NIST
Three images showing formation of a Bose-Einstein condensate of rubidium atoms.
Most people have heard absolute zero described as the lowest possible temperature, but what does that mean? Is it really the coldest cold, or just the lowest temperature that we can measure? And is there a corresponding highest temperature? According to Moses Chan, Evan Pugh professor of physics at Penn State, answering these questions requires understanding the meaning of temperature.

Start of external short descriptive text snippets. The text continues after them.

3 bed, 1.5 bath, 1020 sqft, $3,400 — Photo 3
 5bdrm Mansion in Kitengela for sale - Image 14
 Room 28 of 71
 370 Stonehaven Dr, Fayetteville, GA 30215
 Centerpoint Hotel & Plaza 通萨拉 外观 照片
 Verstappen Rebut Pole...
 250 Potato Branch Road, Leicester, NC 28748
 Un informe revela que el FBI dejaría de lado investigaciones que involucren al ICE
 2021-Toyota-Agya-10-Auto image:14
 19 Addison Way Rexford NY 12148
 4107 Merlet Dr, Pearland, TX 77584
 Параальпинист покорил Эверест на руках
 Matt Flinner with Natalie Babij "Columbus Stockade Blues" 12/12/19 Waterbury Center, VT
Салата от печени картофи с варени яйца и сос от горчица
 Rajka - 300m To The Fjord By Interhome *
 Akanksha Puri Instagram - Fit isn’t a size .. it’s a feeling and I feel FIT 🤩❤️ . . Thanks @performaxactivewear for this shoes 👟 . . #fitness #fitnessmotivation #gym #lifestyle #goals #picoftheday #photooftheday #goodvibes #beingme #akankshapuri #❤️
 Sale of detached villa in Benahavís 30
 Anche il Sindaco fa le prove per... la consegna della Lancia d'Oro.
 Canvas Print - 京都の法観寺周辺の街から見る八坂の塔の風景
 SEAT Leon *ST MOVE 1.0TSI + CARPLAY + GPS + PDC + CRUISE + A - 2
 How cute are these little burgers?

"Temperature is a measure of the degree of 'disorder' or 'messiness' of a system," says Chan. "When a system is cooled down to absolute zero, then that system is perfectly ordered and all its constituents—molecules and atoms—are in their proper place. That is the lowest possible temperature." Absolute zero, or 0 K (kelvins) corresponds to -273.16° C, or -459.688° F.
Before quantum mechanics was developed as a model to explain the behavior of atomic and subatomic particles, scientists thought that all atoms would stop moving at absolute zero. However, even at this temperature, atoms and molecules retain what is known as zero-point energy, the lowest possible energy a system can have. As Chan explains it, the energy in the vacuum of empty space is considered a form of zero-point energy. Also described as the "ground" or "stationary" state, absolute zero is considered a stable state from which no energy can be removed.
"At low temperatures," Chan continues, "quantum mechanical effects dominate the properties of all matter." In some materials, the effect is truly spectacular. At sufficiently low temperatures, for instance, some types of matter become superconducting, carrying electric current with absolutely no resistance. Practical applications of this phenomena include high magnetic field MRI machines and very efficient electric motors and transformers.
Another vivid example of quantum effects can be found in liquid helium. When liquid helium becomes a superfluid, at temperatures below 2.176K, Chan notes, it can flow without friction. The lack of friction means the superfluid has no viscosity. If a droplet is caused to rotate inside a container, it can continue to rotate forever as if it were in a vacuum. To Chan, these are examples of macroscopic quantum phenomena—quantum mechanics operating on a macroscopic scale.
Back in the 1920s, physicists Satyendra Bose and Albert Einstein predicted that at very low temperatures particles such as atoms will bunch together at exactly the same lowest energy quantum state. This state of matter is known as a Bose-Einstein Condensate (BEC). The collection of particles acts like a single giant atom. This phenomenon, Chan notes, was finally observed in the laboratory in 1995 by cooling rubidium atoms in the vapor phase down to a temperature of 50 nanokelvins (billionths of a kelvin) above absolute zero. The physicists who observed it, Carl Weiman and Eric Cornell, were awarded a Nobel prize for their work.
Chan's own research at very low temperatures yielded another important breakthrough in 2004. "My former student, Eunseong Kim, found that solid helium also exhibits superfluid-like properties below 0.2K," he explains. "Finding this supersolid phase indicates that all three states of matter—vapor, liquid and solid—can undergo BEC." Supersolid phenomena have sparked the interest of low-temperature and theoretical physicists worldwide. Chan and his current students—Tony Clark, Xi Lin and Josh West—are continuing the effort to understand this fascinating discovery.
So, is there a high temperature analog to absolute zero? When a material becomes very hot, its particles have lots of thermal energy, Chan says. Solids melt and liquids vaporize because their thermal energy exceeds the forces that bind atoms or molecules together. At even higher temperature, atoms dissociate into electrons and ion plasma, yet another state of matter. As more energy is injected into a system, its temperature continues to rise.
"In the sense that there is a limit to the total energy that exists in the universe, there is a highest possible temperature," says Chan. Cosmologists postulate that at around 10^-43 seconds, an unimaginably tiny fraction of an instant after the Big Bang (If you were to take a trip to the farthest galaxy from Earth, 10^-43 would represent the first billionth of a millimeter you traveled!), the temperature of the newborn universe was 10^32 K. Even the center of today's Sun, at 15,000,000° C, is frigid by comparison.
It is clear that we can never harness all the energy in the universe, so the highest possible temperature is not attainable. Can we ever experience the other end of the scale—absolute zero? "No, we can get very close, but never to absolute zero," says Chan. "Some labs, including David Weiss's here at Penn State, can cool vapor samples to within a few nanokelvins, or billionths of a degree. But to bring something to perfect order, you have to get rid of the disorder or messiness. As the system gets closer to absolute zero, it becomes progressively harder and harder to remove that disorder."